The members of my club were generally pretty quiet, and it seemed like this club was mostly a way for people to relax at the end of the week by doing crafts. We would chat a bit, but people also tended to focus on whatever craft they were doing. I am also a fairly shy person, so at times I had difficulty starting conversations or trying to engage more with the club.
People were very friendly despite the fact that I joined in the middle of the school year (fall is the second semester in Japan) and didn’t even go to Ritsumeikan. Even if you’re nervous or scared, reaching out and asking questions is always better than staying quiet. People are usually very happy to explain things, and are more welcoming than you might expect.

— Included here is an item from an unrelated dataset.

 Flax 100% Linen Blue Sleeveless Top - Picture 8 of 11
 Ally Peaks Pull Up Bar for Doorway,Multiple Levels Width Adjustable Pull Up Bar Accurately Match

I would also recommend maybe exploring more than one CIP at the start of the semester—I ended up starting my CIP late due to some bad luck, and so didn’t really have enough time to test things out and see what I liked. Also, make sure your CIP is something you enjoy and are interested in! Your CIP is a great opportunity to get more involved in Japanese society and get to know people outside of KCJS.